> What this task involves
Set out exactly every line of the entries below, starting at the line that holds "5th image of 319 Alegriano Ct" and stopping after the line that holds "Free People Just".

:: Source material

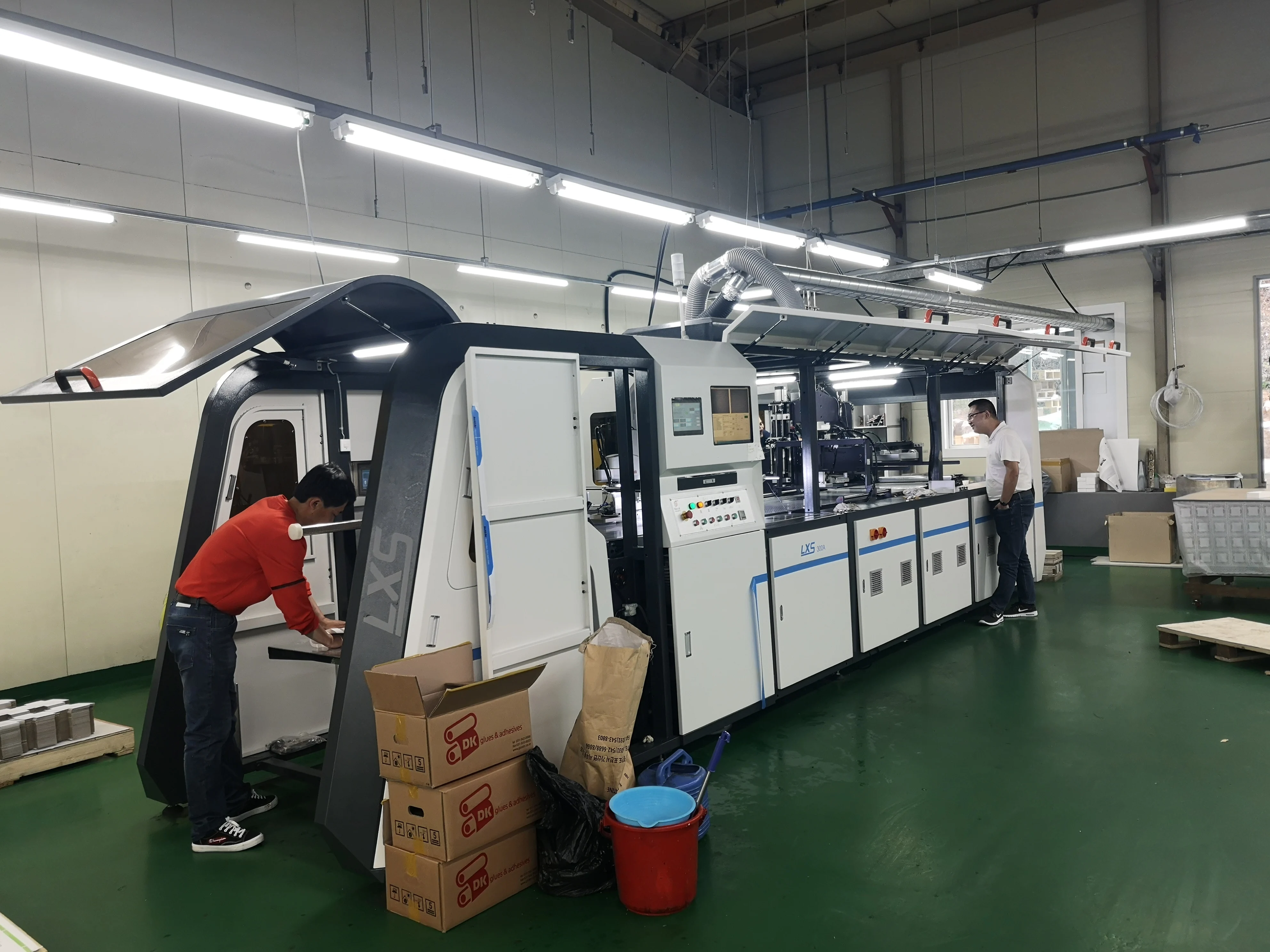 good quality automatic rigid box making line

::::
:: Source material

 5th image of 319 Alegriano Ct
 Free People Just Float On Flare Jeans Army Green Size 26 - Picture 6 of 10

::::

> Result below
 5th image of 319 Alegriano Ct
 Free People Just Float On Flare Jeans Army Green Size 26 - Picture 6 of 10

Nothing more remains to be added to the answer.